You will be training your puppy from the moment you take it home! Puppies start learning from birth, and some training can begin as soon as they open its eyes and walk. Young puppies have short attention spans but you can expect them to begin to learn simple commands like “sit,” “down,” and “stay,” as young as 7 to 8 weeks of age.
Hi my name is Dr Evan Shaw and I am a small animal practicing veterinarian (dogs are definitely my jam). I’d love to share my expertise on puppy training and the most important steps to tackle first. For me (and most owners) toilet training is the reason for most consternation and stress (and the pup too, they just want to please you!). If you take care of the “out and the in” first the pup will have 2 major rules they can base their training off. Giving them a good foundation for the “do’s and don”ts.”
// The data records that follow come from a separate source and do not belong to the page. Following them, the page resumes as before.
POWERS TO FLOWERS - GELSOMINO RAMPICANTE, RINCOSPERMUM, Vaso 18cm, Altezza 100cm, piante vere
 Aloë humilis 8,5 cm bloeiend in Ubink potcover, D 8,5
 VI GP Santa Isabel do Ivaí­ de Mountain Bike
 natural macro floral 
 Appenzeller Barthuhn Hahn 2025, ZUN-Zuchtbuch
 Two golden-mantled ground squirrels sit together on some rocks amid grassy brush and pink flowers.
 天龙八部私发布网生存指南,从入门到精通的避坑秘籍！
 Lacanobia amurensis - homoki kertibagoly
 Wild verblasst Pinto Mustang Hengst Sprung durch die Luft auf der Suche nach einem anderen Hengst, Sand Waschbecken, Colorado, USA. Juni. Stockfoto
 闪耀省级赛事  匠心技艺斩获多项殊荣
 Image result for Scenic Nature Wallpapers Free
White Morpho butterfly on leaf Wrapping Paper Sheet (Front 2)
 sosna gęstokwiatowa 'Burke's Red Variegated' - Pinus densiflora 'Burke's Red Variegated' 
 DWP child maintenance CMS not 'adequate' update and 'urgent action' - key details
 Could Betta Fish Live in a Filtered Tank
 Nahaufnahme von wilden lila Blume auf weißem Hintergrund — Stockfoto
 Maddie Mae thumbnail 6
1. “You eat here.” Food is a great reward and training tool (ask my wife) and it’s easy to place your pup’s food in one place from the get go. Routine is king with a puppy so pick one place and stick with it. Feed your little mate at the same time each day, and before your pup eats a simple “sit” before eating is the easiest place to start. Remember to start with small things. We can’t expect a puppy to sit, shake and pirouette their first time. With your pup beginning with an understanding of the “trick for food” trade we can build on a solid reward structure making their ongoing learning far easier.
2. “You pee/poop here.” With this your alarm is key (and treats). This may seem like a bit of work, but a few short sharp days of this will save a LOT of heartache in the future. Set your alarm for every 60 minutes. Each hour take your pup outside where you want them to go. Hang with your dog for a bit until they go and LOTS of treats/pats/praise when they do. Then next hour, do it again. My dog took about 2 days with this approach and he’s the toilet champion king!
If you do one or two things from the very get go you can have a much easier transition into a new pup with fewer stressful events. Most importantly HAVE FUN with your new bestie during training. This will help build that special bond between you and make it fun for you too and not a chore.